353 - ‘Oh Happy Day’ van de Edwin Hawkins Singers
Na de liquidatie van platenmaatschappij Iramac in het voorjaar van 1969 werkte ik [HK] enkele maanden in Amersfoort voor Frits Versteeg, uitgever van een aantal vakbladen in de platenbranche. In juni startte ik in Den Haag als promotieman van Polydor Nederland NV.
Als tijdelijk redacteur van Fonografiek, bestemd voor de platenwinkeliers in ons land, vulde ik menige kolom met nieuws over belangrijke ontwikkelingen. Al snel rapporteerde ik over een bijzondere single, die als een raket omhoog schoot aan de overkant van de Atlantische Oceaan: ‘Oh Happy Day’ van de Edwin Hawkins Singers. Na slechts één keer beluisteren was ik ervan overtuigd dat die plaat het ook bij ons goed zou gaan doen.

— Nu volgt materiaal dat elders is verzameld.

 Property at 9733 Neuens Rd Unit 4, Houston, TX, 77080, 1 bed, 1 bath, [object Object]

Dat bleek zo te zijn. Op 24 mei 1969 verschenen de Edwin Hawkins Singers voor de eerste keer in de top 40 van Radio Veronica. Twee weken later, op 7 juni, bevond ‘Oh Happy Day’ zich al op de eerste plaats. Een sensatie dus.
Eerdere religieuze hits
‘Oh Happy Day’ was iets bijzonders. Het gebeurde niet elke dag dat een ‘geestelijk’ lied in de hitlijsten opdook. Toch waren er wel enkele internationale voorbeelden. Zo bereikte het Engelse jongetje Laurie London in 1958 de top van de Amerikaanse hitlijsten met ‘He’s got the whole world in his hands’. In dat zelfde jaar had Pat Boone succes met ‘A wonderful time up there’. En wat te denken van ‘Dominique’, het lied van de Belgische zuster Soeur Sourire (Jeanne Deckers, 1933-1985) die daarmee in 1963 de internationale top bereikte.

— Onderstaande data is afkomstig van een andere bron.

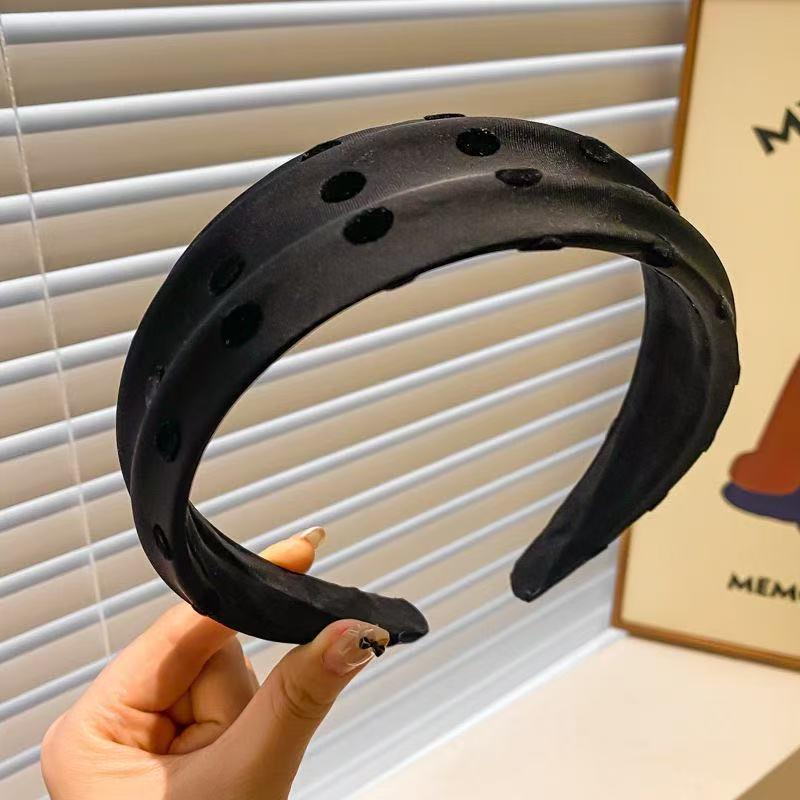 Женская повязка на голову в горошек 2025: Высококлассный, широкий дизайн для более стройного вида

Gospelmuziek speelde een belangrijke rol in de ontwikkeling van de zwarte muziek, rhythm & blues en soul. Heel wat artiesten in dat genre hadden zich oorspronkelijk in de kerk gemanifesteerd. Daar konden ze hun stijl ontwikkelen en later in de popmuziek toepassen. In dat verband worden al snel de namen van Sam Cooke en Aretha Franklin genoemd.

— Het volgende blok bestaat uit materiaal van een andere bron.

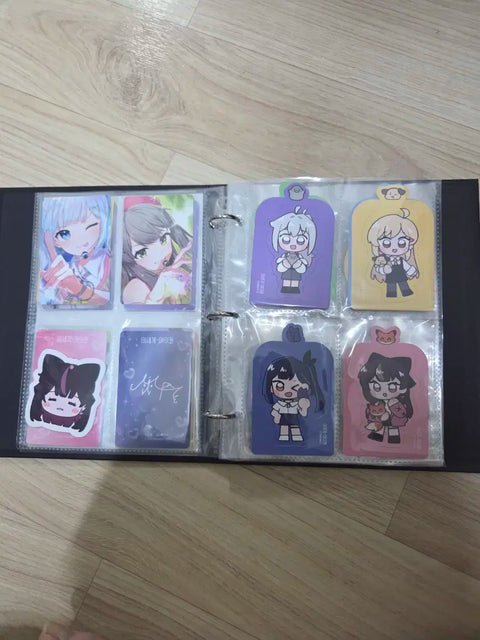 Selling Lee Sedol binder, postcards, bookmark, photo cards A and B, and a can badge set.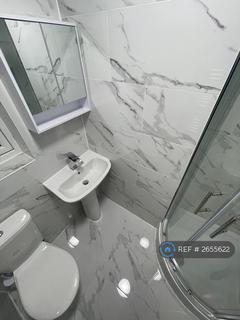 4 bedroom flat to rent, St. Stephen's Road, London, E6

Sommige oude gospelsongs werden bovendien bewerkt en van een seculaire tekst voorzien. Zo ontstonden de inmiddels klassieke hits ‘What’d I say’ van Ray Charles, ‘Amen’ van de Impressions en ‘Stand by me’ van Ben E. King.
De belangstelling van zwarte zangers en zangeressen voor popmuziek was volgens Edwin Hawkins (1943-2018) nogal logisch. “The main reason for their leaving the church to sing soul is simply money. A soul singer can earn such fabulous amounts today that the temptation is there. In fact, I have often been tempted by other people myself, but I couldn’t do it because I would feel insincere. The trouble is though, that few black artists could handle the situation once they had a lot of money and they allowed themselves to get caught up in a world they didn’t understand – you know, drugs, drink and women. With such temptations of the flesh it became difficult to go back to the stark simplicity of the church”.
Hawkins had die stap zelf dus nooit willen zetten.
Het begin van ‘Oh Happy Day’
De boven genoemde uitspraak van Hawkins is terug te vinden in een interview met John Abbey.
De popjournalist begon het artikel met: “Every now and then, a true phenomenon occurs in the world of popular music. The 60’s was a period when at least one unusual occurrence turned up every year. Usually, the artist immediately faded into obscurity aware that his, her or their hit was merely a fluke. However, the last decade threw up one exception to that rule, the Edwin Hawkins Singers, who exploded on to the unsuspecting record-buying public the world over with the best selling gospel record of all time, ‘Oh Happy Day’, a traditional hymn that is so old that it was out of copyright, thus allowing Edwin to claim credit for writing it!”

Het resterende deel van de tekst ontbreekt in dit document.